▶ [Working data]:

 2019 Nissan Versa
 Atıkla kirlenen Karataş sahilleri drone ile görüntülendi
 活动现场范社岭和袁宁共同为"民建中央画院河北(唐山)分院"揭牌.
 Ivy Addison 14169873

...

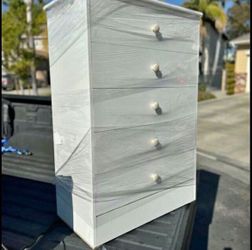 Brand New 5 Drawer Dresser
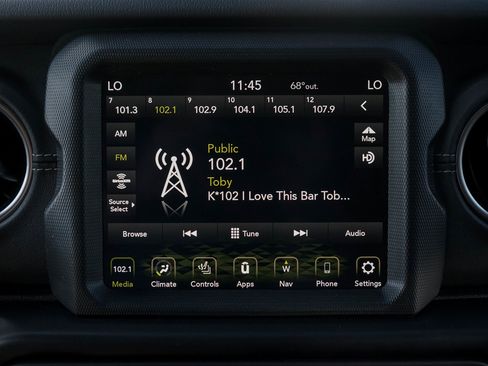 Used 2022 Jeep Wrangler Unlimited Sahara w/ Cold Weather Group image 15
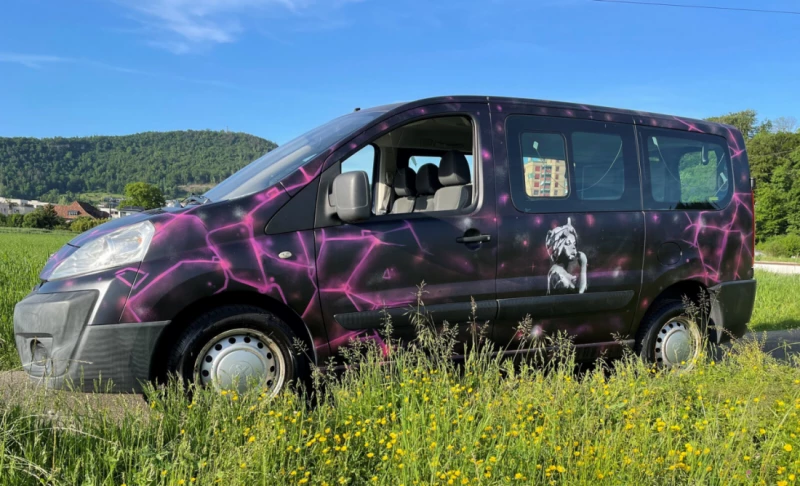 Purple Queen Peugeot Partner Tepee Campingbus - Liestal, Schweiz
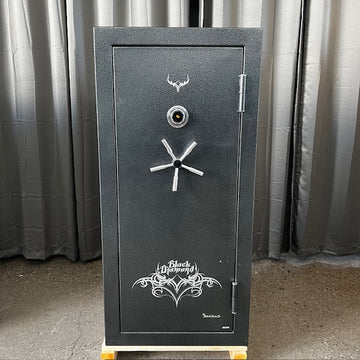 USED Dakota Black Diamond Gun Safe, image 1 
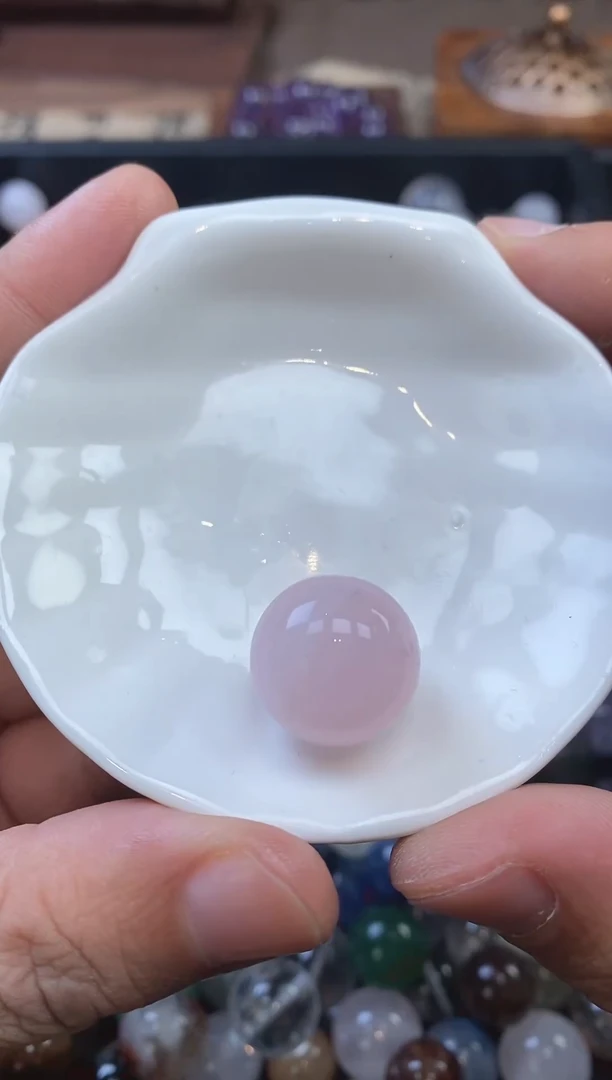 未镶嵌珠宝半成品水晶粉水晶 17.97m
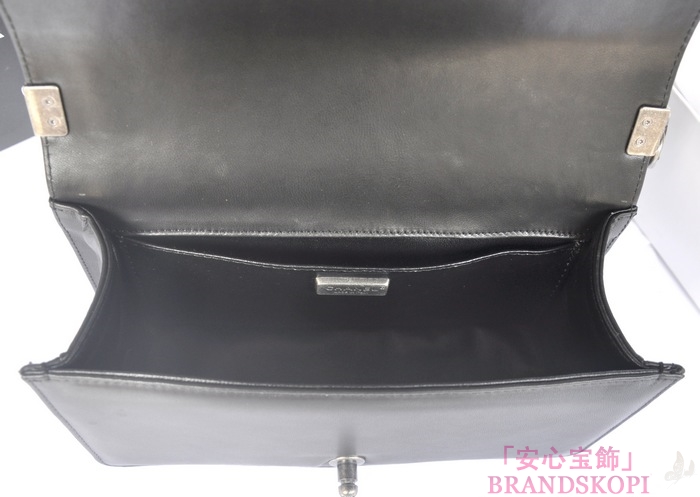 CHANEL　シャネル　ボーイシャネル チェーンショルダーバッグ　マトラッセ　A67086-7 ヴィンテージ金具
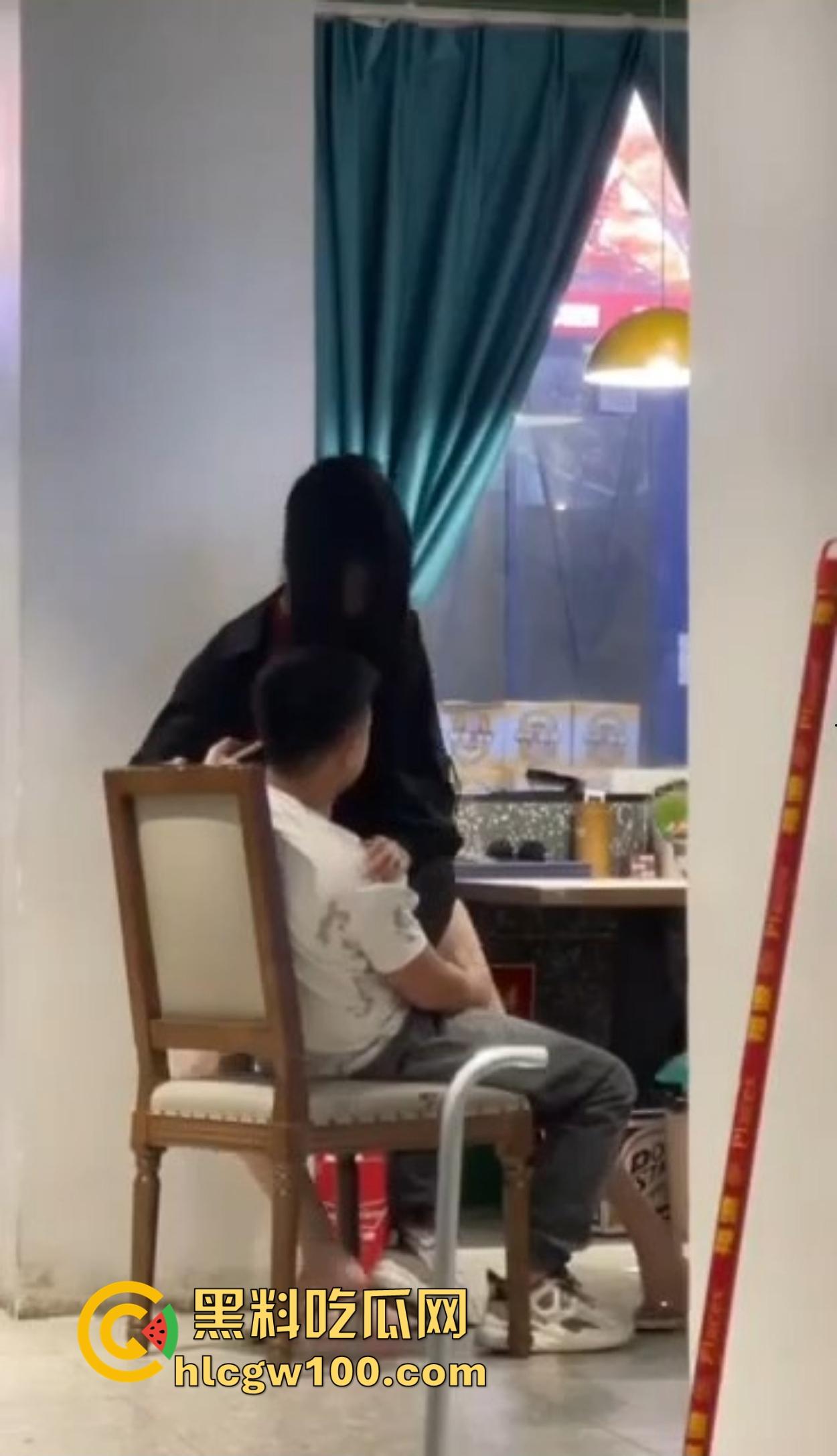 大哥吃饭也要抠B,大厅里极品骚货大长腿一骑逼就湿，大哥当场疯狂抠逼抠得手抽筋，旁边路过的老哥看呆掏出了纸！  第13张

--

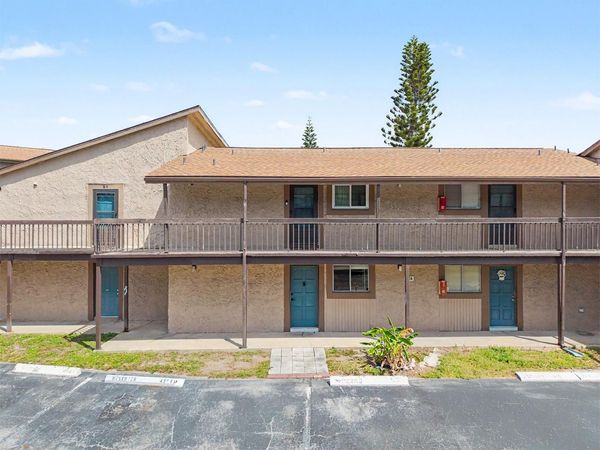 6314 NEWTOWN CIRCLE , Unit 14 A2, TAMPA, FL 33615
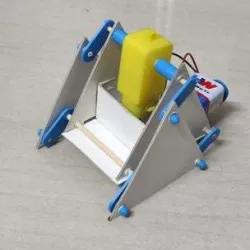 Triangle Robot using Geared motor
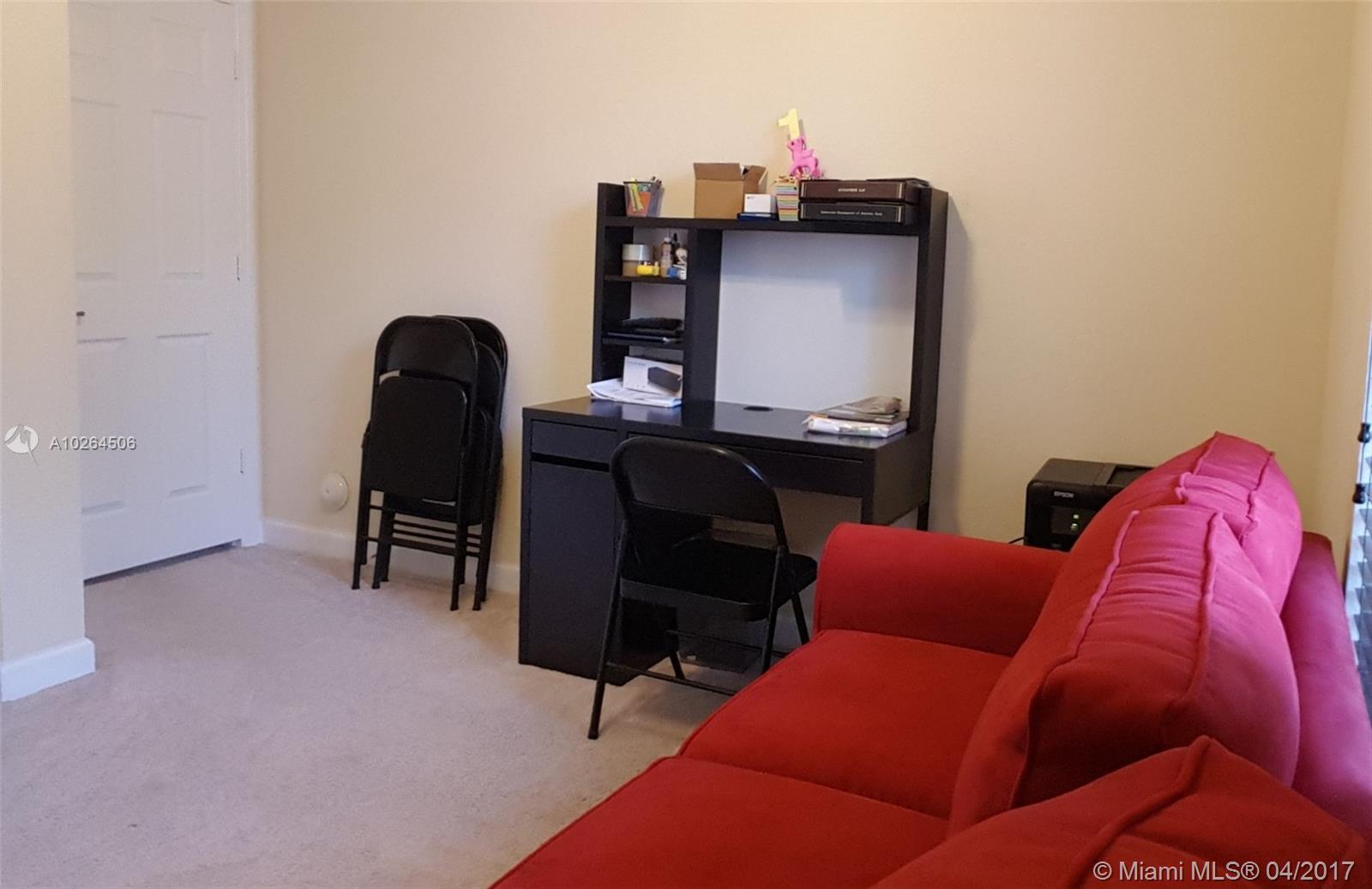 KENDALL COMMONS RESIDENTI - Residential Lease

▶ [How to complete this task]: Keeping every character as it is, restate the lines above that run from the line with "2019 Nissan Versa" through the line with "Ivy Addison 14169873", both included, and nothing else.

▶ [Task response]:
 2019 Nissan Versa
 Atıkla kirlenen Karataş sahilleri drone ile görüntülendi
 活动现场范社岭和袁宁共同为"民建中央画院河北(唐山)分院"揭牌.
 Ivy Addison 14169873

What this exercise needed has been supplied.